As an example of the problematic approach of an officer not having formed reasonable suspicion prior to making the call is that it can lead to the dubious distinction between the outcomes in these two cases and the “parsing” the court did in analyzing the specific language of each call. Such a difficult and potentially arbitrary approach would not be necessary should the bar be set that reasonable suspicion cannot be gained during the call and must be formed prior.
This is a step in the wrong direction and such an allowance will give police free reign to continue as they have before, calling numbers without verifying the substantiveness or accuracy or the information or source. All that would be required to obtain sufficient reasonable suspicion would be to take steps prior to making the call to corroborate and verify the accuracy prior to making a fishing type call to a phone number. The court even recognized and identified an approach in British Columbia whereby police have to fill out a form (“Swan sheet”) prior to calling that identifies the steps taken to gain reasonable suspicion. The same way that citizens do not expect police to arrive on their doorstep and begin asking questions unless there is a legitimate concern, citizens do not expect police to call them (unidentified as police nonetheless) and begin asking questions. It is in the interests and citizens of all, even at the expense of leeway in police investigation, to not have undercover police calling them at any time and place to be questioned. If their interest is genuine in fighting trafficking (or any type of crime to which entrapment could apply), then it is in line with that goal to take prior steps to ensure their source or information is sufficient so as to not waste police time and resources and to ensure the greatest accuracy and outcomes possible.

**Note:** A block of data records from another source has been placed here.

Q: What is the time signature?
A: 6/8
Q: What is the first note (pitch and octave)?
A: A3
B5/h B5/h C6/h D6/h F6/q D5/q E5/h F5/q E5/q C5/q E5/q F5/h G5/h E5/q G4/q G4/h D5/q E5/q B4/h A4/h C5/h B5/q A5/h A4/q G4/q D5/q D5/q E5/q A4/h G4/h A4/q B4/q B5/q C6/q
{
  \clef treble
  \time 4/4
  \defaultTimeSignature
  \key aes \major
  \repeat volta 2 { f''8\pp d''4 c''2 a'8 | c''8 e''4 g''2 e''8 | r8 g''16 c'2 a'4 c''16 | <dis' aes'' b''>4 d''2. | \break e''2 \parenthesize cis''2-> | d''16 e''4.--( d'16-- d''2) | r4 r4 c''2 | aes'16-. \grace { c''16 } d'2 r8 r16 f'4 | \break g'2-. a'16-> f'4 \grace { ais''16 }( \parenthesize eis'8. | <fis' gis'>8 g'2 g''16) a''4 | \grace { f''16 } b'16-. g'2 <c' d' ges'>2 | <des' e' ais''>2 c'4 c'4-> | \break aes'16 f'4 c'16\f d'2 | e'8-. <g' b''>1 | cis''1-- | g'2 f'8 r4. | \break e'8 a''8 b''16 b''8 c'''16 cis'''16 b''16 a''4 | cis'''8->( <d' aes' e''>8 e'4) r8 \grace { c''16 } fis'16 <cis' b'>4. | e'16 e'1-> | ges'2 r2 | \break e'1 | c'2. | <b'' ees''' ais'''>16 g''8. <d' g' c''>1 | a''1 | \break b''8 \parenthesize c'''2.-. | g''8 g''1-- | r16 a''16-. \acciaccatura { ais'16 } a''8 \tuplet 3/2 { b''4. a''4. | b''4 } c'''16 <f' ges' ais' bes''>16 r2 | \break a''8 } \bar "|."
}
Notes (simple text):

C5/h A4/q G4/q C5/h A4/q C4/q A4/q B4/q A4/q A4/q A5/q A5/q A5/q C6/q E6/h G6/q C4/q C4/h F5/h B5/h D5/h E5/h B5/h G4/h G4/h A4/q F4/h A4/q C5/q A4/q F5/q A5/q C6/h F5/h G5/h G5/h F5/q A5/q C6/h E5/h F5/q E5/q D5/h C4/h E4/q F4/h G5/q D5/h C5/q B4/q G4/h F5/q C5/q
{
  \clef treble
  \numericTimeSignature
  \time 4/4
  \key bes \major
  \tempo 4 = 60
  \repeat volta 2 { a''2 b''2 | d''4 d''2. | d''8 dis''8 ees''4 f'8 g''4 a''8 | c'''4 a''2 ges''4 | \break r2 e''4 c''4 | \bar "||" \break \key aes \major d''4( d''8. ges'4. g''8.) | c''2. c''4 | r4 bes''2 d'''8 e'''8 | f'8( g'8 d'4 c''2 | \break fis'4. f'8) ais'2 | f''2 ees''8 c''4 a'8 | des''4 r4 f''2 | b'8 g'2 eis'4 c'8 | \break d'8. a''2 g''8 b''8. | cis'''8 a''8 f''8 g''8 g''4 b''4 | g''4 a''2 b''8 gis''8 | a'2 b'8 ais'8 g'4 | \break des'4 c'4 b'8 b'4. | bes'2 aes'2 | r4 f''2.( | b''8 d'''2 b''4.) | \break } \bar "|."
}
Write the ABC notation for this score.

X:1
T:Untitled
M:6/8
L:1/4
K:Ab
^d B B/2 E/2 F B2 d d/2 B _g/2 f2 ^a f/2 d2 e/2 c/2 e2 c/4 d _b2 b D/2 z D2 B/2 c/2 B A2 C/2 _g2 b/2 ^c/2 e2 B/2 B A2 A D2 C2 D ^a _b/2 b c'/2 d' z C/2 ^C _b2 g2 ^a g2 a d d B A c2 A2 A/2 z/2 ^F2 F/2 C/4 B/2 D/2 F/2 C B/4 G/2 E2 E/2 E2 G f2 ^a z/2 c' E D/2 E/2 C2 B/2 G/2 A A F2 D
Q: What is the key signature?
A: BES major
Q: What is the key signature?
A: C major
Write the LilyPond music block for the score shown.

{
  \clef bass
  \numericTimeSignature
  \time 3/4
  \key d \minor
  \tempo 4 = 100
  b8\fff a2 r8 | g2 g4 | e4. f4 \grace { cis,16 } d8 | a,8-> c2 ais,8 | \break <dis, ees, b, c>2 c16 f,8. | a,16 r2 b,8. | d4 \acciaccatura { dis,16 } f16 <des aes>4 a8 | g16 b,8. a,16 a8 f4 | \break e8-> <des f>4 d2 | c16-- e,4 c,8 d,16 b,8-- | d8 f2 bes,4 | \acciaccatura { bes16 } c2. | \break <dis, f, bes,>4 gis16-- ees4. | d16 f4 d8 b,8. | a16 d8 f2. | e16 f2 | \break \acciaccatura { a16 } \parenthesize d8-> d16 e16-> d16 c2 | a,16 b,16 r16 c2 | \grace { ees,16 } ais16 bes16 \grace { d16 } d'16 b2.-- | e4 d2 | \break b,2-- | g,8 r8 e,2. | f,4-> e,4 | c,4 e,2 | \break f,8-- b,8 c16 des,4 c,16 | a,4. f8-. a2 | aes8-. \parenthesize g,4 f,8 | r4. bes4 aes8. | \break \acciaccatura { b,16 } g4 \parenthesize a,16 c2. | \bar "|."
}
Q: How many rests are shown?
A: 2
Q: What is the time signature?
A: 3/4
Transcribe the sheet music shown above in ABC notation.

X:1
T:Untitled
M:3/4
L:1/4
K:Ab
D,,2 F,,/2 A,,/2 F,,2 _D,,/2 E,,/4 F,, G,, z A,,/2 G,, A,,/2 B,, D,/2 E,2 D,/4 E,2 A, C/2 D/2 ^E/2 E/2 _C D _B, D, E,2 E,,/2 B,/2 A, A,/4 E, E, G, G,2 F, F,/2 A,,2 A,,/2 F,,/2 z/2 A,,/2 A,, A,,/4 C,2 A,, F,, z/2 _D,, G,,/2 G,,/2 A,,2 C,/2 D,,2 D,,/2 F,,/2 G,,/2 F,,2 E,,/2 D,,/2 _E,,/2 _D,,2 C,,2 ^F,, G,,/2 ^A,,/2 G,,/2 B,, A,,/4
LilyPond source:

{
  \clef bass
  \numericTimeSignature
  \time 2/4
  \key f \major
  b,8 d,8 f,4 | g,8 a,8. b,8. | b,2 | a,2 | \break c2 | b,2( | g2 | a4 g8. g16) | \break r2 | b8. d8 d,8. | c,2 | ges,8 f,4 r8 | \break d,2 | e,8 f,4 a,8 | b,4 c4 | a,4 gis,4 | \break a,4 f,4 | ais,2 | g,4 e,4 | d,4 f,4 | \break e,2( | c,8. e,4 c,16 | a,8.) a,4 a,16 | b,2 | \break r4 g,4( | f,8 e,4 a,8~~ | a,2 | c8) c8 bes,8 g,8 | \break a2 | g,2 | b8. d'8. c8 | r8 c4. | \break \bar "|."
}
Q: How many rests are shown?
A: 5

Counsel Michael Lacy in this case commented in an article for Canadian Lawyer Mag that he despite being disappointed for his client, Ahmad, he believes “the decision will restrict the police randomly calling people or acting on an unsubstantiated tip to invite people to commit criminal offences”. I would agree that it should prevent police from making offers to commit without reasonable suspicion but the judgment leaves it open for police to still call prior to having formed that suspicion, an action that goes too far in trenching on individuals privacy.
More in agreement with my view is the B.C. Civil Liberties Association’s (intervenor) submission that “even minimal state interference can become intrusive and unconstitutional when it is used over many people with little justification. For example, it would be highly intrusive to permit police to send a message to every person with a posting on a website such as Craigslist in an attempt to tempt them to deal in stolen property”.
https://www.cbc.ca/news/canada/british-columbia/supreme-court-drug-entrapment-1.5591071
My sense is that given the different opinions between the majority and the dissent on how much privacy and protection is required versus how much leeway police should have, is far from settled and I foresee more litigation on this front.